Bed-Stuy Is Burning could be read as a criticism of gentrifiers’ selfishness and lack of situational awareness as they disrupt a neighborhood of good yet frustrated people. After all, Platzer has lived in Bed-Stuy for nearly 10 years and spent two years interviewing “neighbors, police, local high school kids and teachers” as research for the book. Still, I don’t see it that way. Aaron and Amelia achieve their happy ending by leaning into their flaws, not learning from them.

After returning home from the racetrack, Aaron parts the mob of people outside like Moses parting the Red Sea. He asks two men standing near the door if he can enter his own home. They tell him no, so he launches into an impromptu sermon about Sodom and Gommorah. Inside the house, Amelia finishes offering unarmed Sara $50,000 to leave her home (despite having a gun pointed at her) just in time to step out onto the porch and kiss Aaron as the now pacified crowd erupts with applause. Amelia uses Sara over the next year to take her career to the serious level she’s aspired toward, and Aaron ends up paying Sara $130,000 due to some combination of white guilt and regular guilt that it was his “gambling money.”

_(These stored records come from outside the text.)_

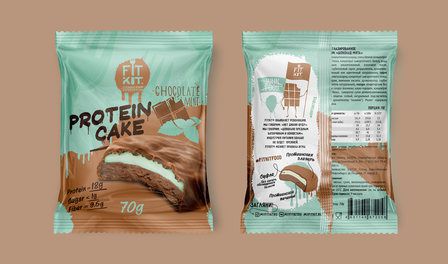 Fit Kit Protein Cake Протеиновое печенье с суфле (70 гр) шоколад - мята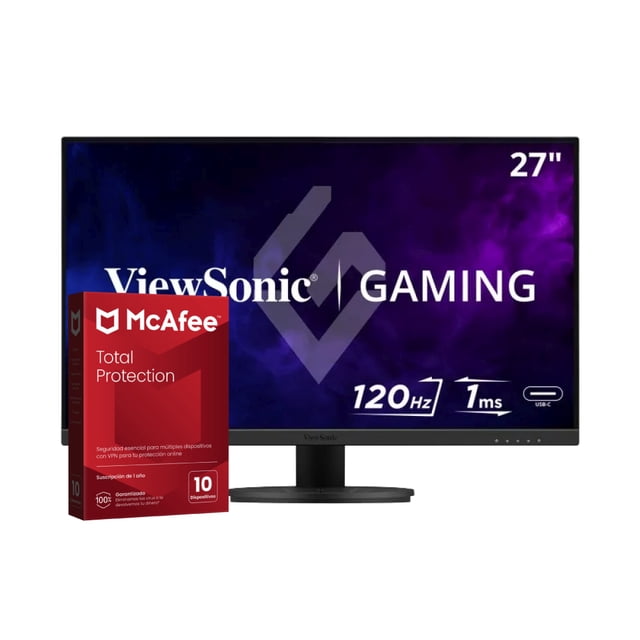 KIT MONITOR GAMER VIEWSONIC VX2716A 27" 1080P 1MS 120HZ (OC) IPS + ANTIVIRUS MCAFEE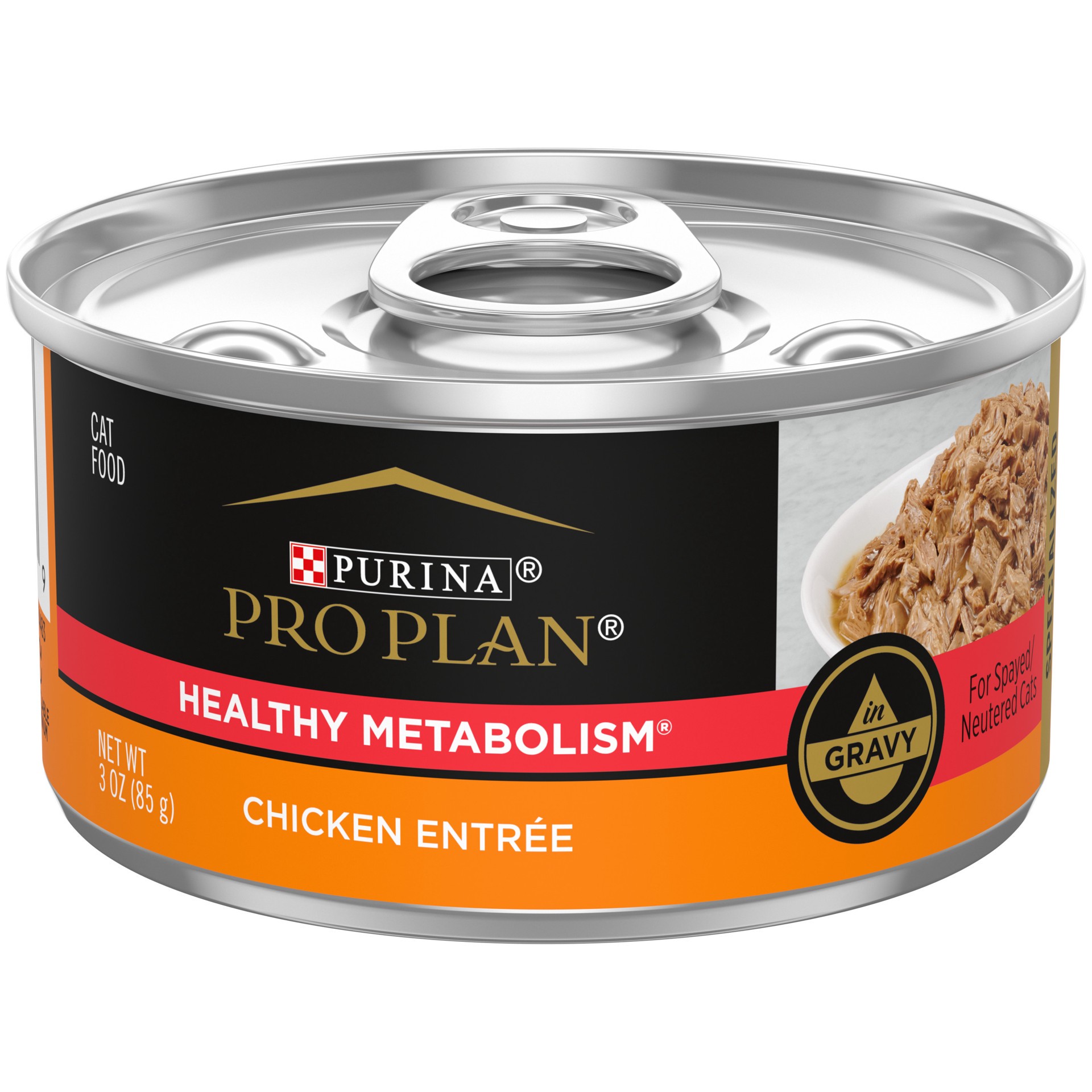 slide 1 of 6, Pro Plan Purina Pro Plan High Protein Gravy Wet Cat Food, SPECIALIZED Healthy Metabolism Formula Chicken Entree, 3 oz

Aaron is seemingly a changed man at the end of the book. He begins attending Gamblers Anonymous and decides he “has to” get another job as a rabbi. Throughout the book, however, he repeatedly emphasizes his lack of belief in God. Therefore, his misguided attempt at starting a new life is essentially just starting his self-destructive cycle over again. What’s preventing him from becoming disillusioned again and looking to fill the void in his being that God is supposed to occupy with some new destructive habit? His upcoming marriage to Amelia, which she agreed to at the end of a fight? Not likely.

Similarly, the book starts the destructive cycle in Bed-Stuy over again. At a press conference addressing the events of the riot, Amelia, now writing for the New York Times, argues with Commissioner Bratton about his tactics and the flaws in the legal system, making prescient points despite her lack of situational awareness. Instead of continuing to push her argument across, though, she becomes embarrassed and concedes. Commissioner Bratton offers her a position on his advisory commission and she reluctantly accepts the opportunity as “a stepping-stone to real power.”

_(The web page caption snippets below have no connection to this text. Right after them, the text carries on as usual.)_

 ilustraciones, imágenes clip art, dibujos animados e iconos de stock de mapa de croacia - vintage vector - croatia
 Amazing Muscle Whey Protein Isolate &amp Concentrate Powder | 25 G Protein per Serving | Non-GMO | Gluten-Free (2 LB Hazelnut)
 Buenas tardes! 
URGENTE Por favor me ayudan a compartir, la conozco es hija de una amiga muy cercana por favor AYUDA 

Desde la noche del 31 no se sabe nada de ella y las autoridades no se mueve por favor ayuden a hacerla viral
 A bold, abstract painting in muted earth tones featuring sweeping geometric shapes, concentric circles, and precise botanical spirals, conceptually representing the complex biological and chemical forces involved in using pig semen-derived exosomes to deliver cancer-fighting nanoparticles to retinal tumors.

The commentary on the system and the neighborhood is clear. Gentrification is extremely difficult to manage for local government and police officials, many of whom don’t care enough to help. Gentrification is especially difficult for the people who’ve lived in the neighborhood for many years. The only people it isn’t difficult for are the gentrifiers. Rather, any difficulties they experience are by choice, having decided to move to that neighborhood.

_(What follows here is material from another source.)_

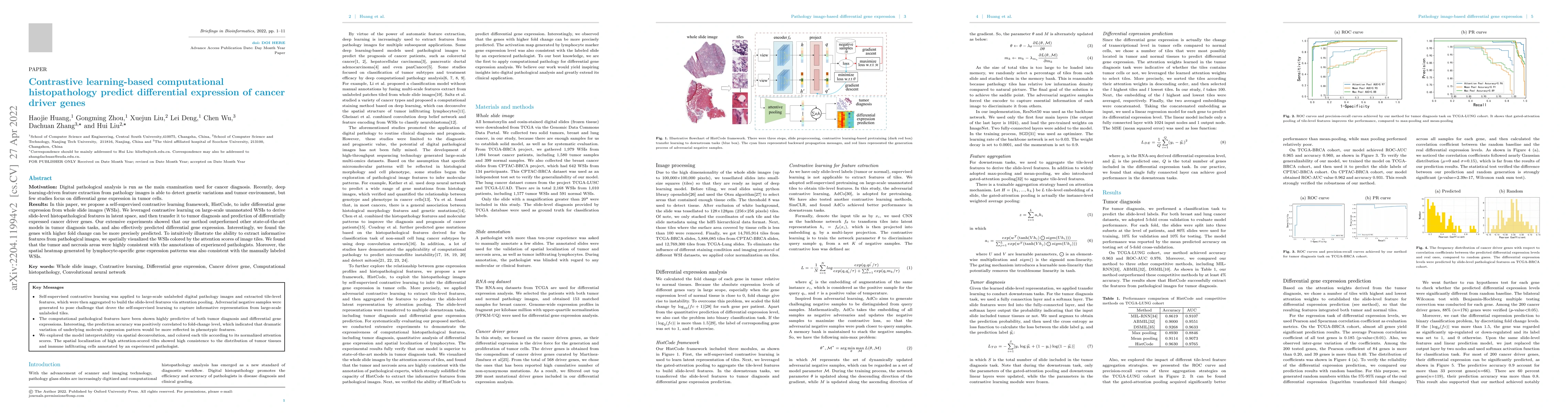 Thumbnail for Contrastive learning-based computational histopathology predict
  differential expression of cancer driver genes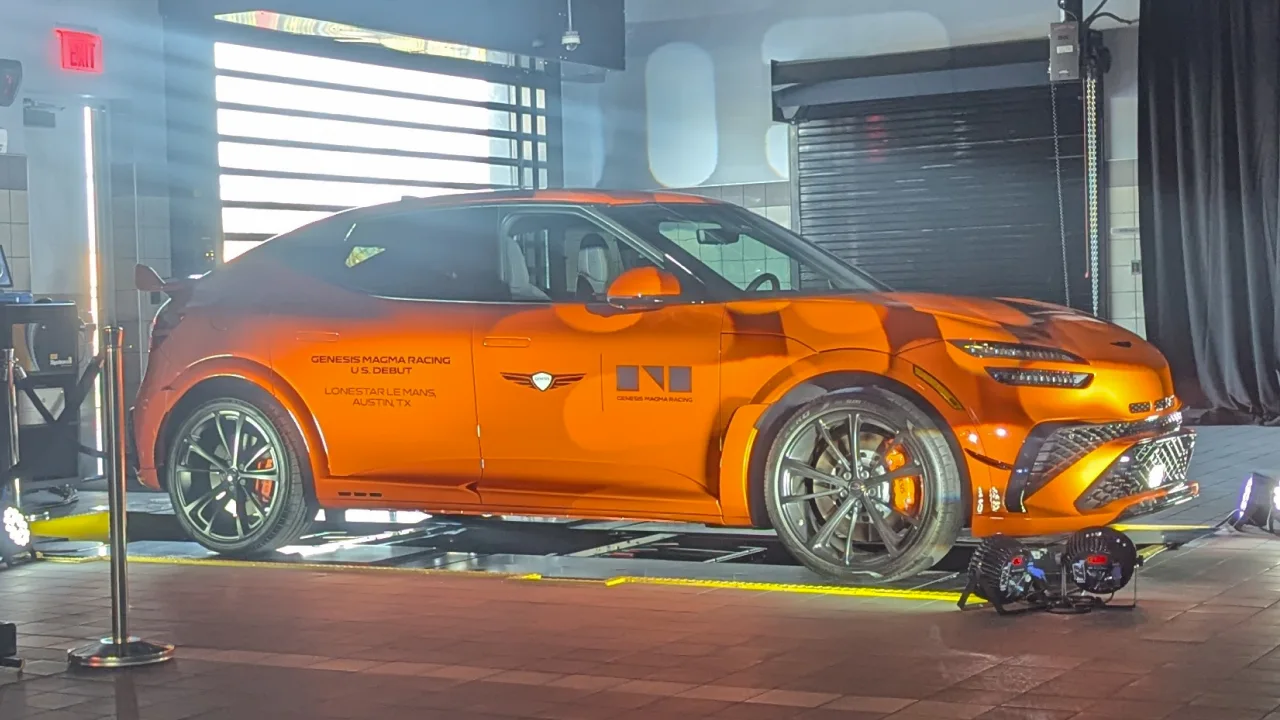 A Genesis road car parked at the Genesis Magma Racing event. (Photo: Elizabeth Blackstock/FanAmp)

Without sacrificing the book’s message, Platzer’s fictional gentrifiers could have learned from their mistakes and the trauma they experienced. Their characters could have had believable arcs that showed change is possible at the micro level, even if the flawed legal system refuses to change. Instead they finish the book exactly where they started, but happier having convinced themselves that they’ve changed for the better. While the characters may be obliviously happy, the reader will feel dissatisfied at wasting their time.